BEGIN PROVIDED MATERIAL

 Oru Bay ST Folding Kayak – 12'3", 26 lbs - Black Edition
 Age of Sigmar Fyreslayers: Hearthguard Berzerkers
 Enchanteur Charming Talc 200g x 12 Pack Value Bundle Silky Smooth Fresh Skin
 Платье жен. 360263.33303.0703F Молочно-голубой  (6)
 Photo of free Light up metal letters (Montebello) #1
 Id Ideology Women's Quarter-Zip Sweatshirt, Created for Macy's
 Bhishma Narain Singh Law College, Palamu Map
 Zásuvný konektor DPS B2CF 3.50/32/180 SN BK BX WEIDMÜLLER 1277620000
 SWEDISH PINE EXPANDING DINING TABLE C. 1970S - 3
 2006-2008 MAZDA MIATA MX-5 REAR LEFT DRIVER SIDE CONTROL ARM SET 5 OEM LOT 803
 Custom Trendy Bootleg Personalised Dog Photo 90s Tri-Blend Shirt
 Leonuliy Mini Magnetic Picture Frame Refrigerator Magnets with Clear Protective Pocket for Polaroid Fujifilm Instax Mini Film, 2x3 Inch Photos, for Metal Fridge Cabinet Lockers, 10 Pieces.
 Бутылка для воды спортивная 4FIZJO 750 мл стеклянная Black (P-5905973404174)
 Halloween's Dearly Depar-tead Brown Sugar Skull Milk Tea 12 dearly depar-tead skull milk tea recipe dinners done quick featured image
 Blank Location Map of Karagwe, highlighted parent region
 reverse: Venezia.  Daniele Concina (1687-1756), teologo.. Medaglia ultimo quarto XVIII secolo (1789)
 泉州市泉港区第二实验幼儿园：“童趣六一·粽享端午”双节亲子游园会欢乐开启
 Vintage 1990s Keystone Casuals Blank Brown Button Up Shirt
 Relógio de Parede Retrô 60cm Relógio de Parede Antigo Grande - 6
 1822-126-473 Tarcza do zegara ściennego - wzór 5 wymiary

END PROVIDED MATERIAL

_EXERCISE_. Your answer must be a single number: the count of lines above that contain the string "Brown".

_EXERCISE ANSWER_. 2